Statistics and Probability — CXC CSEC Additional Mathematics Revision Notes

What you'll learn

Statistics and Probability forms a critical component of the CXC CSEC Additional Mathematics syllabus, accounting for approximately 15% of examination marks. This section covers descriptive statistics including measures of central tendency and dispersion, probability theory including conditional probability and tree diagrams, and the application of statistical methods to real-world Caribbean contexts. Mastery of these concepts is essential for success in Paper 2 structured questions.

Key terms and definitions

Mean (μ or x̄) — the arithmetic average of a data set, calculated by summing all values and dividing by the number of observations.

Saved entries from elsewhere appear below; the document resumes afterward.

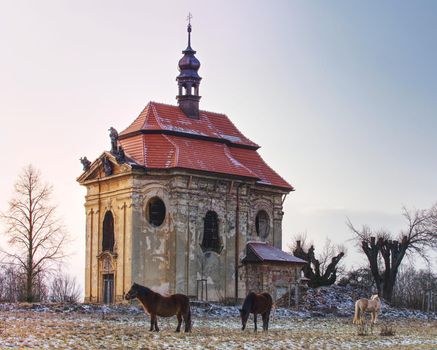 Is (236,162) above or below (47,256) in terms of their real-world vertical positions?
above

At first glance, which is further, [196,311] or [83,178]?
[83,178]

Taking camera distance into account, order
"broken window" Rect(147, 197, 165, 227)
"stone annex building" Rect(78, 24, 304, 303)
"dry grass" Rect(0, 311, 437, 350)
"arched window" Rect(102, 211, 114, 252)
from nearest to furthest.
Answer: "dry grass" Rect(0, 311, 437, 350) < "stone annex building" Rect(78, 24, 304, 303) < "broken window" Rect(147, 197, 165, 227) < "arched window" Rect(102, 211, 114, 252)

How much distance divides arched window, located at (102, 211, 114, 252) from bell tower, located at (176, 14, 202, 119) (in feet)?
26.4

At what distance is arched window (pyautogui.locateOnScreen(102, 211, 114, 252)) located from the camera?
4538 centimetres

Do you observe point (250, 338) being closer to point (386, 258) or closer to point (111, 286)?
point (111, 286)

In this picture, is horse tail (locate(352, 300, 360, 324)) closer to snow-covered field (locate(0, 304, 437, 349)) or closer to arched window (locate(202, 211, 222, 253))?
snow-covered field (locate(0, 304, 437, 349))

Standard deviation (σ) — a measure of spread that quantifies how dispersed data values are from the mean, calculated as the square root of the variance.

Probability — a numerical measure between 0 and 1 representing the likelihood of an event occurring, where 0 indicates impossibility and 1 indicates certainty.

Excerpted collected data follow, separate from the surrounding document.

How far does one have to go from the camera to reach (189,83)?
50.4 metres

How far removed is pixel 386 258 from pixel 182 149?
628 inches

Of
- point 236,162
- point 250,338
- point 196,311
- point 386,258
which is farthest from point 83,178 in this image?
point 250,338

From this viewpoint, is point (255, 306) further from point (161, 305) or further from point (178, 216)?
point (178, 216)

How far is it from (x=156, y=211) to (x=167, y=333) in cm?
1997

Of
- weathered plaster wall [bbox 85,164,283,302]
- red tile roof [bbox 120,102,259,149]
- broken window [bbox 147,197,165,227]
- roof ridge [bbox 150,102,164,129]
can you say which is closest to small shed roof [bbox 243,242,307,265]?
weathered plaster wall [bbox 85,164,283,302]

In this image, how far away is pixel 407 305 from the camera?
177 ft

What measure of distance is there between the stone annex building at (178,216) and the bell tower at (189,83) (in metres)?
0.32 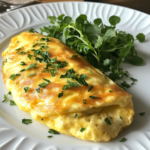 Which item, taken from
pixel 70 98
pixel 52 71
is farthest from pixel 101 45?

Conditional probability P(A|B) — the probability of event A occurring given that event B has already occurred, calculated as P(A∩B)/P(B).

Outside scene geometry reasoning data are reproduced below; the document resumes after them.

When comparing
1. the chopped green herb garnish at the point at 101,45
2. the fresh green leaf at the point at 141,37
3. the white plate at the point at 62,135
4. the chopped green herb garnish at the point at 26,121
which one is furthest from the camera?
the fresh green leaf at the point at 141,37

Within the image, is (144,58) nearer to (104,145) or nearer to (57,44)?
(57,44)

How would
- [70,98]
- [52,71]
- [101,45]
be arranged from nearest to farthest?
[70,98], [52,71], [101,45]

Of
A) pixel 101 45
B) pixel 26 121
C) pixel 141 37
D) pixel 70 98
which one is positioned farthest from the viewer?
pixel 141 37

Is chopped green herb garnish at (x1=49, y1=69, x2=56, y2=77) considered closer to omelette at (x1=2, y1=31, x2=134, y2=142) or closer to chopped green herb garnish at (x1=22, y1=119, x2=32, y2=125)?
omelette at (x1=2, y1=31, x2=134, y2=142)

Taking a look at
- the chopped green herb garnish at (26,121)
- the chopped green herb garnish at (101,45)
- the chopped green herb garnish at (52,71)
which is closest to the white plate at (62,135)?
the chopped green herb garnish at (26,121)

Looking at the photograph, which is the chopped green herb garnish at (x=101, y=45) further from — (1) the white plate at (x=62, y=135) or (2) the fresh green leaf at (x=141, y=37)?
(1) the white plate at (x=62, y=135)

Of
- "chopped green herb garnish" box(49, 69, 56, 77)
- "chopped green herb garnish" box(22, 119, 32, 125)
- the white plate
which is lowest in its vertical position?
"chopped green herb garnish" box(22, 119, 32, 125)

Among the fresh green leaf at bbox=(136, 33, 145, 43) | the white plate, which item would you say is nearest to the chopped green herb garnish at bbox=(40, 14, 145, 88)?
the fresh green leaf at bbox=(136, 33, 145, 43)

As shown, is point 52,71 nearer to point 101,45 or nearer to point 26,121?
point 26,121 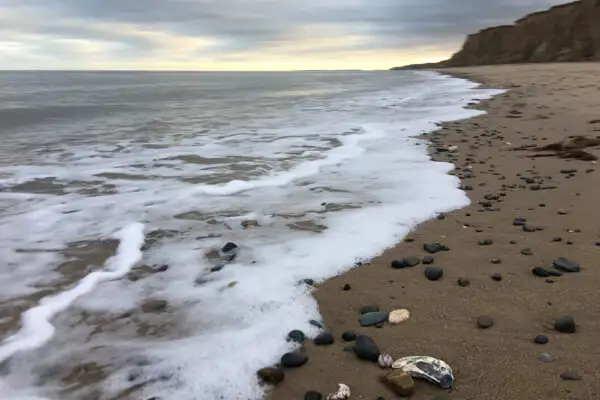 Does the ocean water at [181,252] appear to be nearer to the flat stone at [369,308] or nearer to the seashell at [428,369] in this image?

Mutually exclusive events — events that cannot occur simultaneously; if A and B are mutually exclusive, then P(A∩B) = 0.

Independent events — events where the occurrence of one does not affect the probability of the other; if A and B are independent, then P(A∩B) = P(A) × P(B).

Quartiles — values that divide an ordered data set into four equal parts: Q₁ (lower quartile), Q₂ (median), and Q₃ (upper quartile).

Interquartile range (IQR) — a measure of spread calculated as Q₃ - Q₁, representing the range of the middle 50% of the data.

Core concepts

Measures of central tendency

The mean is the most commonly used measure of central tendency. For ungrouped data with n values:

x̄ = (Σx)/n

For grouped data with class frequencies:

x̄ = (Σfx)/Σf

where x represents the class midpoint and f represents the frequency.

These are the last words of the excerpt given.